Gas station without pumps

2022 May 30

Secret Walks: West Cliff at sunset

Filed under: Uncategorized — gasstationwithoutpumps @ 11:41
Tags: , , , ,

On the evening of Sunday 2022 May 22, my wife and I took my sister to see West Cliff Drive around sunset.  We did not walk far—just a little bit from the Shrine of St. Joseph to the end of Lighthouse Field, then back across Lighthouse Field.  My wife’s feet were a little sore from all the walking over the weekend, the sunset was not particularly colorful, and there was way too much noise from the two groups playing loud music at the lighthouse (at least the fire dancers were somewhat interesting to watch, though they were not very good—Sunday night seems to be a time for beginners to gather to practice).  I did not attempt to take any pictures of the fire dancers.

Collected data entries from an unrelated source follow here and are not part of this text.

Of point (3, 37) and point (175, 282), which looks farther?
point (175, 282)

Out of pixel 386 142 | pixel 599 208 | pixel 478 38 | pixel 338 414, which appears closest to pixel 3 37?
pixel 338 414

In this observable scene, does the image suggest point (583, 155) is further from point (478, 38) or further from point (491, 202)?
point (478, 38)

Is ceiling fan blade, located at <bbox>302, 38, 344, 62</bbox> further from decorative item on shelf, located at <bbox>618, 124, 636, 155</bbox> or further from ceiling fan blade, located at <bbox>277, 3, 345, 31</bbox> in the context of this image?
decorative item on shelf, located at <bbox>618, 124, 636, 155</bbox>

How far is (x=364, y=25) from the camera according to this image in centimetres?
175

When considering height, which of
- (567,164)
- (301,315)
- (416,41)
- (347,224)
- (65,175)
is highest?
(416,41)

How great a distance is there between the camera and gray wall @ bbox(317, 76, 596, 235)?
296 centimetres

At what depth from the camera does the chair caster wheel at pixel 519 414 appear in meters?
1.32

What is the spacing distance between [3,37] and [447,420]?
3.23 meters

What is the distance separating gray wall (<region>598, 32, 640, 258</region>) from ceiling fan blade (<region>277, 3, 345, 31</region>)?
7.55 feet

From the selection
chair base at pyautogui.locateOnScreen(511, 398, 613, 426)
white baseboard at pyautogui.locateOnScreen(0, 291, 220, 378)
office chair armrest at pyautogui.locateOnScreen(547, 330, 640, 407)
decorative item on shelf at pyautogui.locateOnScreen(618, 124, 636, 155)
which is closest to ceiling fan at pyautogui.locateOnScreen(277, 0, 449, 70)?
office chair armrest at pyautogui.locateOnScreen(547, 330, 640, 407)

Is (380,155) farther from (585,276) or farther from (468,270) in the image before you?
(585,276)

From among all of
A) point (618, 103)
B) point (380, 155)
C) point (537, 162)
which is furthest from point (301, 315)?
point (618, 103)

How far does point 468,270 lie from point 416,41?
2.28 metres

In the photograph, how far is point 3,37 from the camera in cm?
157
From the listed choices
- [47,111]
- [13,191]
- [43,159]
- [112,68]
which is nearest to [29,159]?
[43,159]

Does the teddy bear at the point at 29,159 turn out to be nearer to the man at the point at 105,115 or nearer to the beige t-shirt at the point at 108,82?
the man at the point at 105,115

There were a pair of sea otters in the kelp near the shrine. I believe it was a mother and pup. I managed to get this shot of the mama sea otter, but I never got a clear shot of the pup.

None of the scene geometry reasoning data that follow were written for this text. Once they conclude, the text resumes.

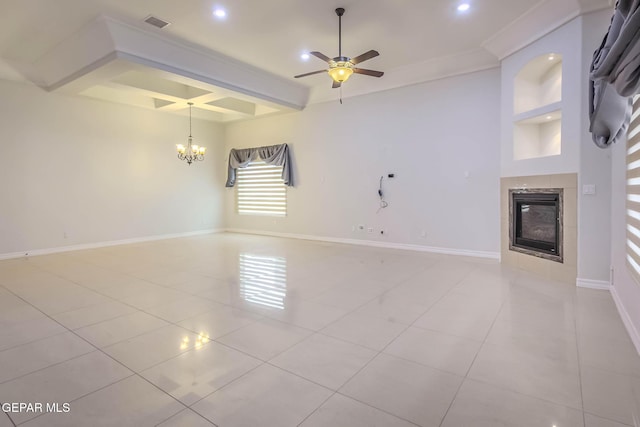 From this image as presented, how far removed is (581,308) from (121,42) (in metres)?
6.27

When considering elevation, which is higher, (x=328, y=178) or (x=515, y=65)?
(x=515, y=65)

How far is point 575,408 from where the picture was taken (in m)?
1.84

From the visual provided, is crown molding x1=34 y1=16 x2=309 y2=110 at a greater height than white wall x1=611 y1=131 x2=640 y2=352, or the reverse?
crown molding x1=34 y1=16 x2=309 y2=110

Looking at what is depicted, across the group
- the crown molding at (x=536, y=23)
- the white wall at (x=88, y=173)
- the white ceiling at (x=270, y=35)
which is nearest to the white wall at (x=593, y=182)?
the crown molding at (x=536, y=23)

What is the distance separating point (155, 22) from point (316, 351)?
4.61 meters

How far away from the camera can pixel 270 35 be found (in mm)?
4965

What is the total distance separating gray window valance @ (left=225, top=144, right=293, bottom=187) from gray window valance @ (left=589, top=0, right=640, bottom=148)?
644 centimetres

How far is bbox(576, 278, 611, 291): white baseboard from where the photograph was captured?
12.8ft

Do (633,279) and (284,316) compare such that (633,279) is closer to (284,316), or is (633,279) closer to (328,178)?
(284,316)

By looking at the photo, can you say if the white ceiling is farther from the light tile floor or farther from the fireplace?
the light tile floor

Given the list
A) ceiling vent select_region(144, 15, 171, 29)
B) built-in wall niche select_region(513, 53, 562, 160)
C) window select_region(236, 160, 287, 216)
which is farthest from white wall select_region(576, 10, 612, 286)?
window select_region(236, 160, 287, 216)

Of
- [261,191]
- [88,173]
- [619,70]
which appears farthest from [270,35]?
[88,173]

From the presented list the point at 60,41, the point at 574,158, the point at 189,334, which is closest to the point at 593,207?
the point at 574,158

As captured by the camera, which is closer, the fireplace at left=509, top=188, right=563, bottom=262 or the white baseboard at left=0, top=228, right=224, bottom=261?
the fireplace at left=509, top=188, right=563, bottom=262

The squid boats were out, but much closer to shore than I expected.


There were a lot of squid boats.


Here are more of them—I did not get a shot of all of them (I would have needed to take a panorama shot to get them all).


I’ve no idea what the purple plants on the side of the cliff are by the lighthouse. The texture is much finer than iceplant (which covers the top of the cliff).


I zoomed in on the natural bridge across Its Beach.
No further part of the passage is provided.